*Task objective*: The reply should hold only the lines below beginning at the one with "Light Blue Backpack" and ending at the one with "Ho Chi Minh", copied exactly, with every picture left out.

*Source data*:
++++++
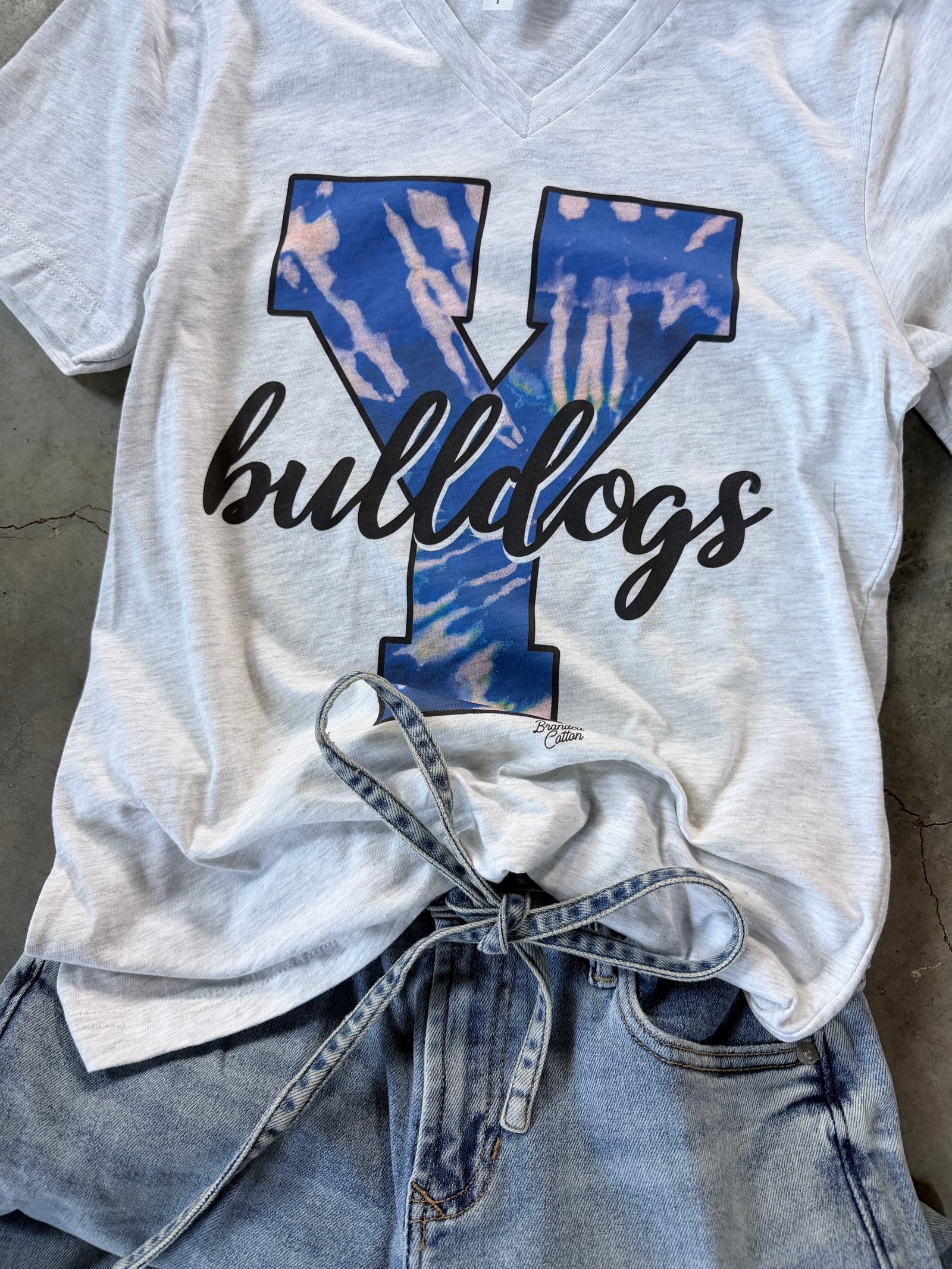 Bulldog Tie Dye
++++++
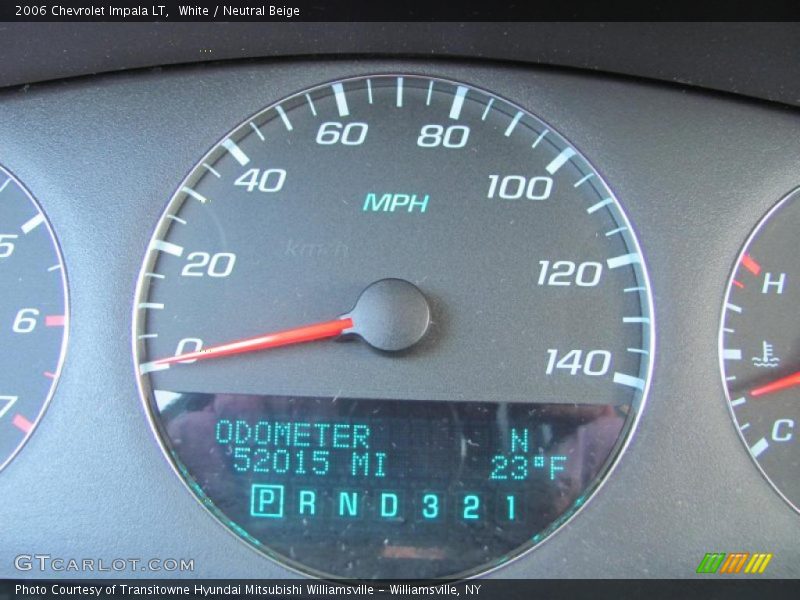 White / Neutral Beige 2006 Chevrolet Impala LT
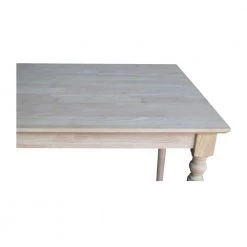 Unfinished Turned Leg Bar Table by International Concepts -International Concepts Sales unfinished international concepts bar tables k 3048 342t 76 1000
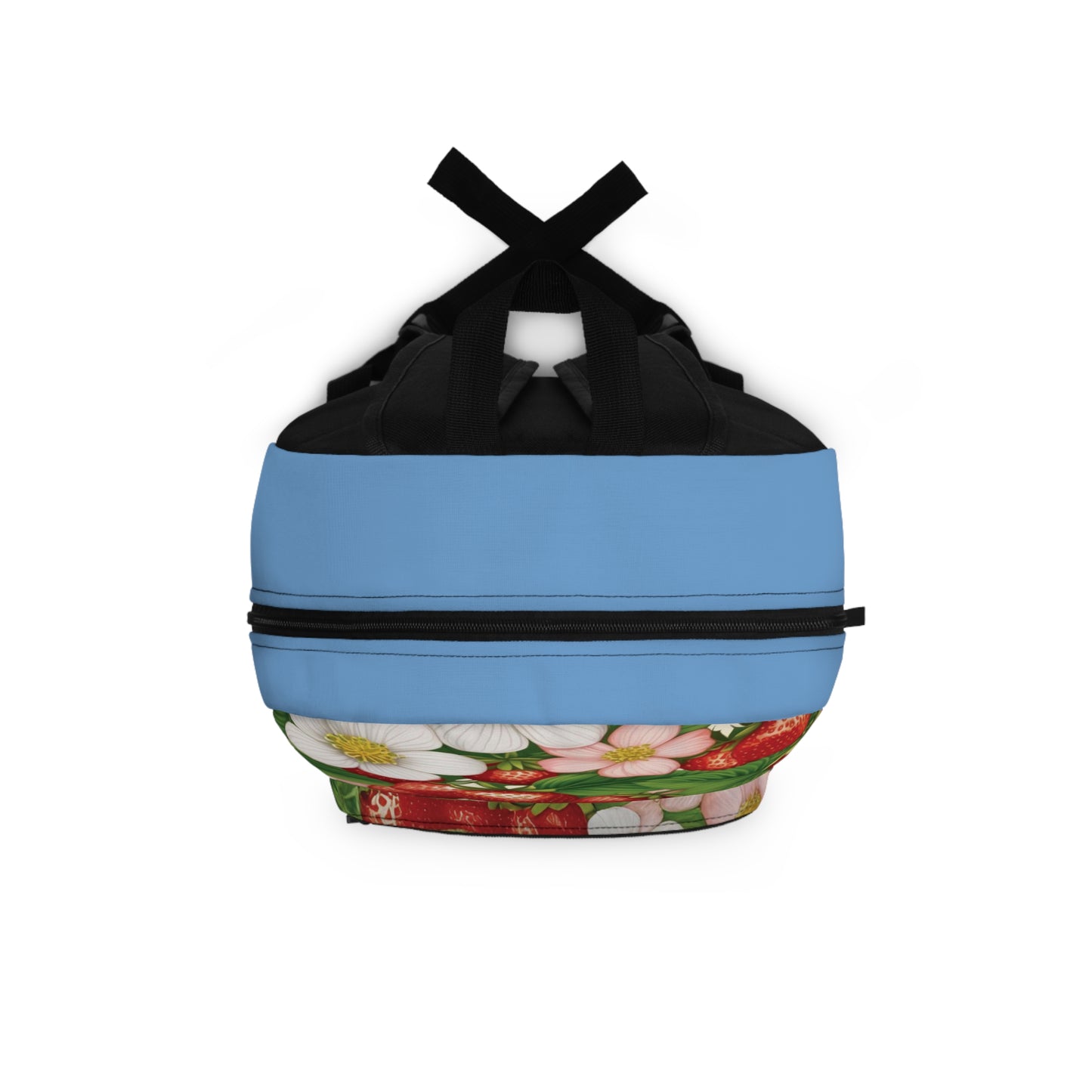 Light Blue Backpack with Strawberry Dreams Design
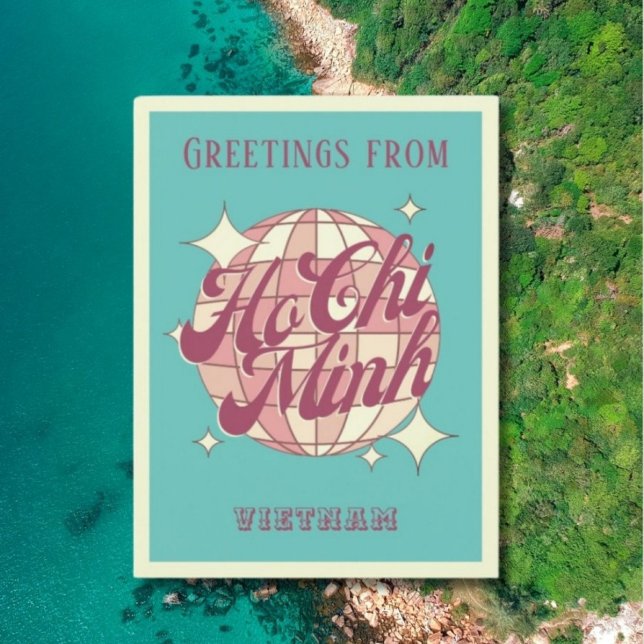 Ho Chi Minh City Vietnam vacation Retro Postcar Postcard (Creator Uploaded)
++++++
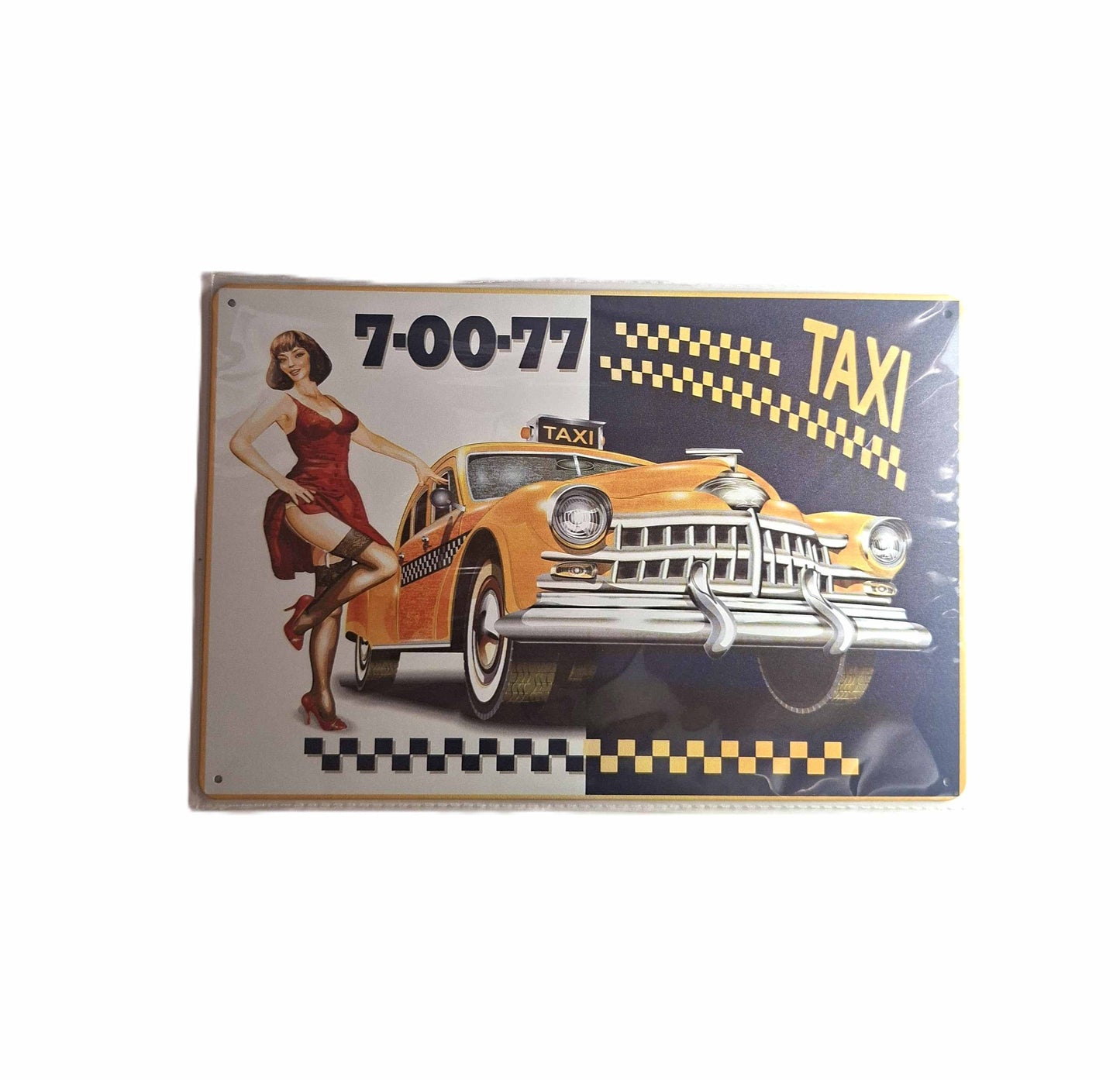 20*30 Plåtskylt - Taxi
++++++
*Solution to this exercise*:
 Light Blue Backpack with Strawberry Dreams Design
 Ho Chi Minh City Vietnam vacation Retro Postcar Postcard (Creator Uploaded)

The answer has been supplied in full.